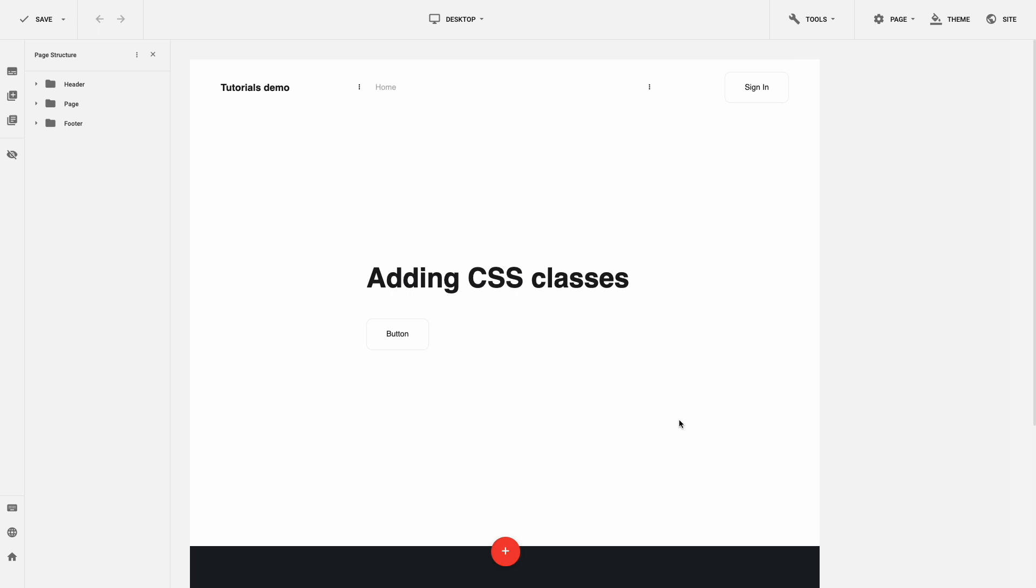Gridbox allows you to add a CSS class to any element on the page. Using CSS class, you can assign your own CSS rules to page elements such as plugins, columns, rows, and sections.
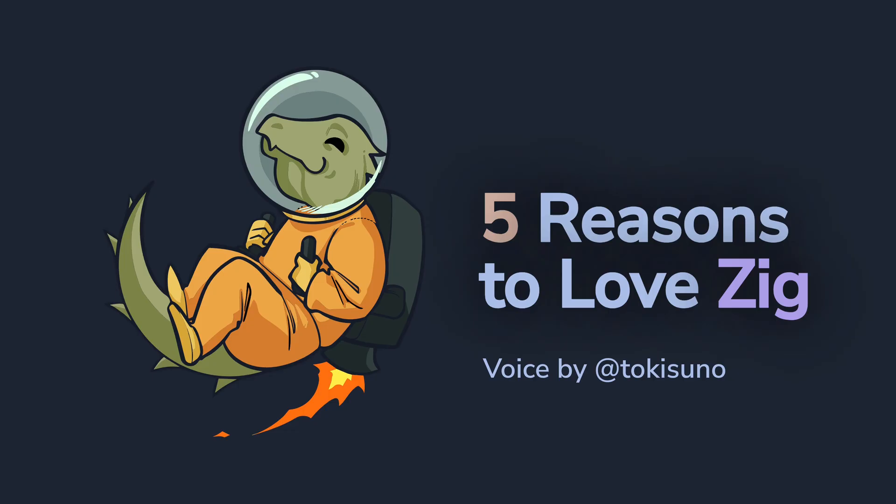So, you're welcome. And that's it for today. I hope you learned something new about Zig. And again, this video was voiced by me, Toki Suno. Pay me a visit if you want to. Subscribe if you want more videos like this, and I will see you in the next one.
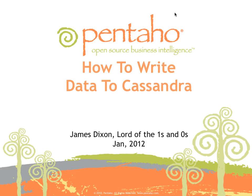That was a quick video on how to write data into Cassandra using Pentaho data integration.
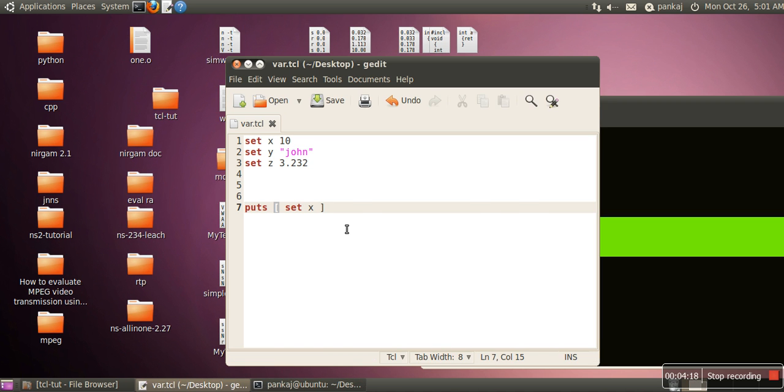So it's up to you, if you want to use dollar or if you want to use the set command itself, you can use it. Thank you very much.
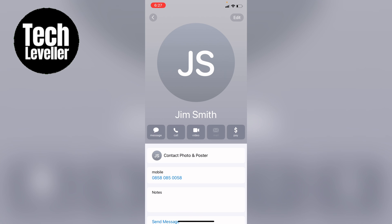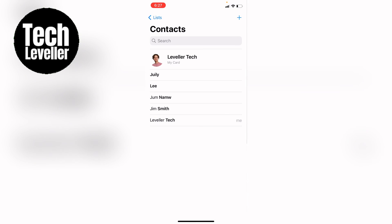Then press Done in the top corner and then Done again, and that is how to delete a contact poster on the iPhone. I hope you found that video helpful. If you did, smash the like, smash the subscribe, and most of all thanks ever so much for watching.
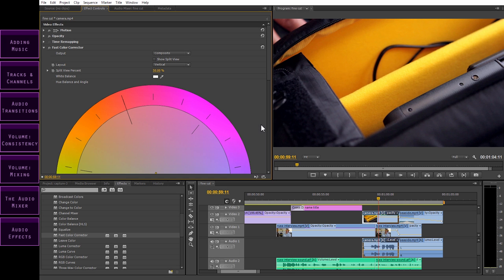Welcome back. My name's Matt, and in this fourth CAD-on training video on how to use Adobe Premiere Pro, I'm going to show you how to take care of your audio. When it comes to telling your story, sound is just as important, if not more important, than your visuals. As such, it requires just as much care and attention.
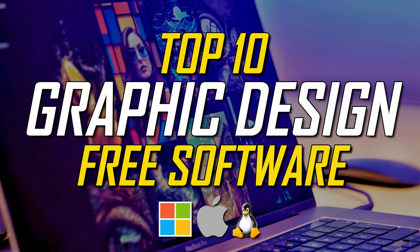In the comments, let us know which graphic design software is your favorite. And if you're new to our channel, I invite you to subscribe and click the bell to not miss out on our latest top 10s and other tech-related stuff.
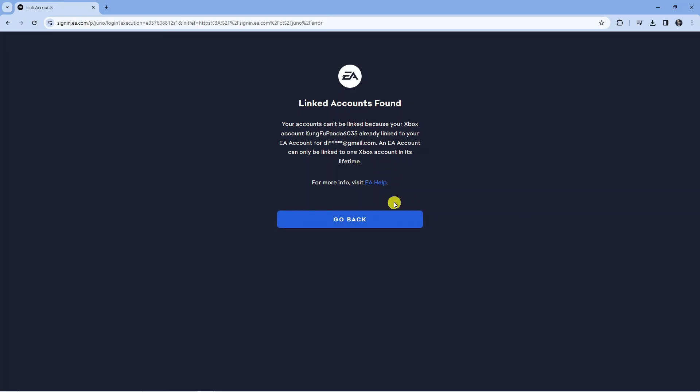So just bear that in mind but that's basically the process to go ahead and link your Xbox account to your EA account.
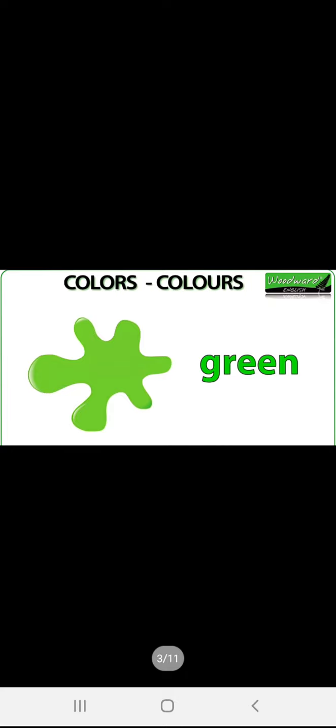Next, green color is here. The spelling is G-R-E-E-N. Green. G-R-E-E-N. Green.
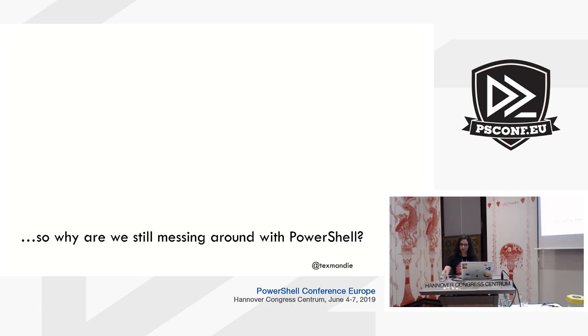Okay, so why are we even messing with PowerShell in this context since I just told you you're going to have to use bash style tools to manage it?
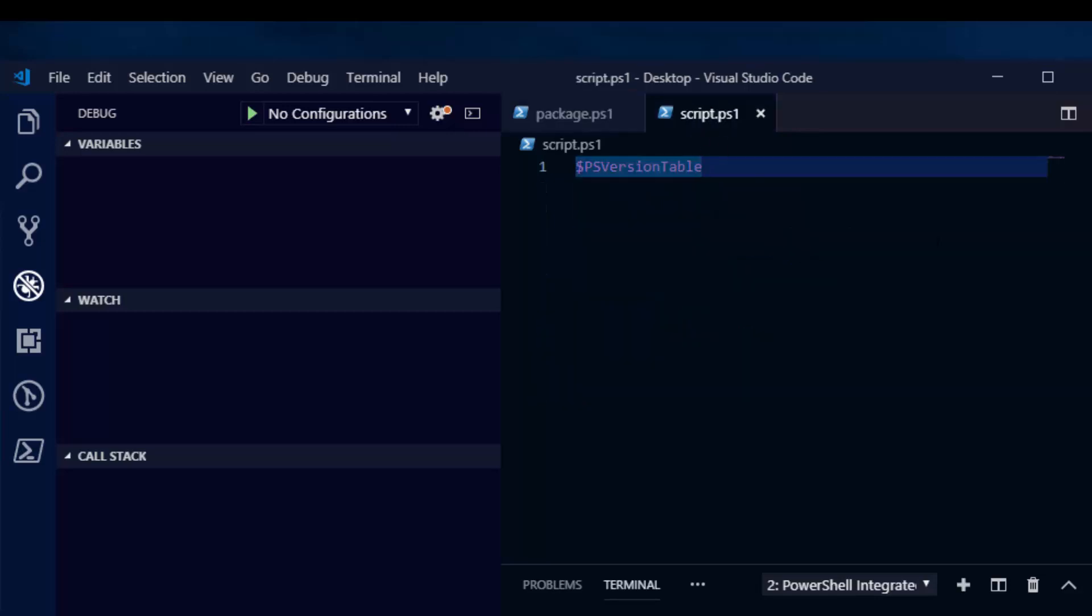So I have a script here that all it does is it outputs PS version table. If you run it in PowerShell Core, it'll output 6.1.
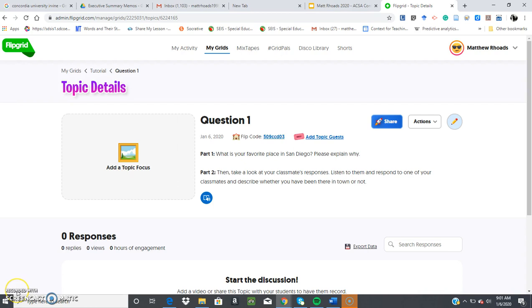So this is Flipgrid and you will have an opportunity to take a look at it and I hope you enjoy it. Thank you.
##############################
Give back, exactly and without pictures, the stretch of the records above from the line containing "So just bear" through the line containing "Okay, so why", with both end lines included.

[Written reply]:
So just bear that in mind but that's basically the process to go ahead and link your Xbox account to your EA account.
Next, green color is here. The spelling is G-R-E-E-N. Green. G-R-E-E-N. Green.
Okay, so why are we even messing with PowerShell in this context since I just told you you're going to have to use bash style tools to manage it?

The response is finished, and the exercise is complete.